P. Adolfo Franco, S.J.
Lucas 7,36-50
La humildad y el amor acercan al perdón que Jesús da.
Esta es la historia de una persona que, fatigada de una vida tan vacía de valores y tan llena de males, busca con afán ser salvada y que al fin encuentra un Salvador. El Evangelio de hoy nos narra así la transformación del corazón de esta pecadora, al entrar en contacto con Jesús.
Pero todo sucede porque la mujer, sin duda inspirada por Dios, primero reconoce que es pecadora, que su vida no está bien. Y esto es sumamente importante, porque muchos no se transforman porque estando en el barro, no reconocen que el barro es sucio, y piensan que “todo está bien”. No se atreven a hacer una verdadera exploración de sus conciencias; y algunos incluso han ido más lejos, han invertido sus valores. Piensan que en sus vidas todo está bien, que no hay nada que cambiar.

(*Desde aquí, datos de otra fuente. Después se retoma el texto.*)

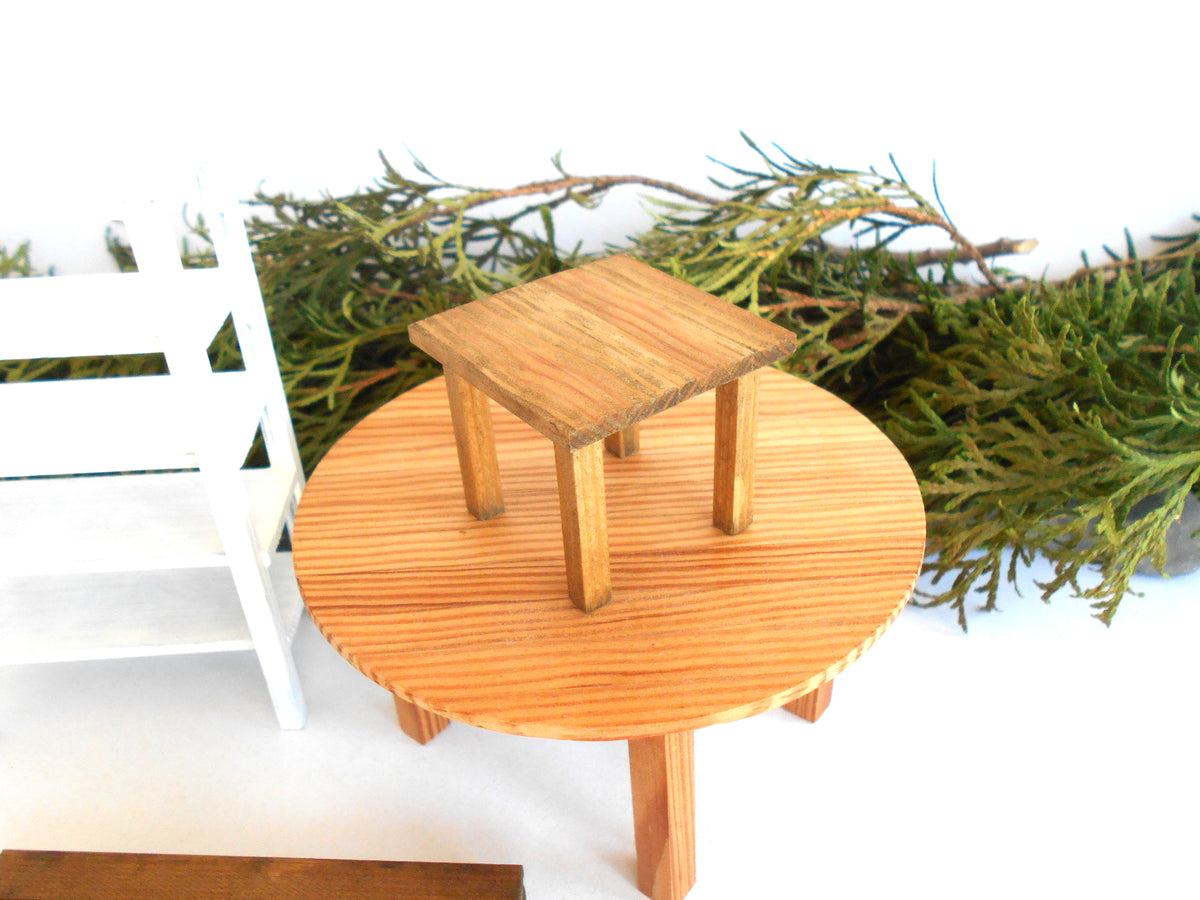 A miniature wooden side table with a round light brown tabletop and a small square wooden stool on top, set against a white background with green foliage and a white chair partially visible.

La mujer que está a los pies de Jesús, no sólo reconoce el desastre que es su vida, hace mucho más: descubre además que sola no podrá cambiar, que necesita ayuda, y necesita que la transformen por dentro, y entonces sin titubeos y con gran valentía irrumpe en casa del fariseo, interrumpe el almuerzo de los comensales sin ningún temor, y se arroja a los pies de Jesús. Ahí en este Hombre especial ha descubierto la fuente de la paz, y el manantial de la pureza que a ella también la va a purificar.
Como está decidida a todo, con tal de salir de esa vida anterior totalmente enfangada, lleva consigo sus perfumes, sus adornos, sus besos, y con esos mismos objetos que le servían para adornar su pecado, ahora los va a utilizar para entregarlos en los pies del Señor; todo lo que antes era utilizado para pecar, ahora lo convierte en don y ofrenda para Dios. Por eso riega con lágrimas los pies de su Salvador, los llena de besos, los seca con sus cabellos, y los perfuma con su mejor perfume. Cuántos besos de esa mujer habían sido falsos, cuántas veces sus cabellos habían sido instrumento de seducción, y sus perfumes habían servido de corrupción. Todo eso, ahora va a servir para rescatarla, por el amor con que se entrega y con que suplica perdón.
En contraste con esta verdadera ofrenda, de este acto de amor puro y ardiente, está la actitud del fariseo; y Jesús se lo reprocha, ya que el fariseo muestra su peor faceta, la de juez implacable que condena sin conocer lo que hay en el corazón de esta mujer. Y por eso se escandaliza y piensa “si éste fuera profeta sabría qué clase de mujer es la que le está tocando”. Jesús ante esta condena de una mujer que busca purificarse, sale en su defensa y reprocha al fariseo: Tú has sido poco considerado como anfitrión, no me has dado agua para lavarme los pies, no me has dado el beso de saludo, no me ungiste con aceite.
Es bueno reflexionar en el contraste de estas dos personas: el aparentemente bueno, que es simplemente el cumplidor mecánico de unas reglas religiosas, pero en las que no pone su corazón, y la pecadora que ha quebrantado gravemente los mandamientos de Dios, pero que ahora entrega su ofrenda y su vida a los pies de Jesús. Y, ante este ejemplo, la reflexión nos podría llevar a pensar, cómo deberíamos hacer cada uno de nosotros para entregar todo a los pies del Señor: nuestras lágrimas, nuestro perfume, nuestros besos. Todo absolutamente todo, convertirlo en ofrenda para el Señor, como señal de nuestro amor.
El camino de la conversión es el amor, por eso el Señor le dice al fariseo, que a esta mujer se le ha perdonado mucho porque ha amado mucho. Este amor debe ser auténtico y se muestra en la donación de todo. Hay que darse totalmente para mostrar el amor: el amor hay que manifestarlo con las obras.
Con todo esto el Señor nos deja una afirmación importante para nuestra vida frágil de caídas y pecados: Jesús puede perdonar los pecados. Por eso el final de la narración queda subrayado por esa pregunta que se hace la gente que participaba del banquete: «¿Quién es éste que hasta perdona los pecados?»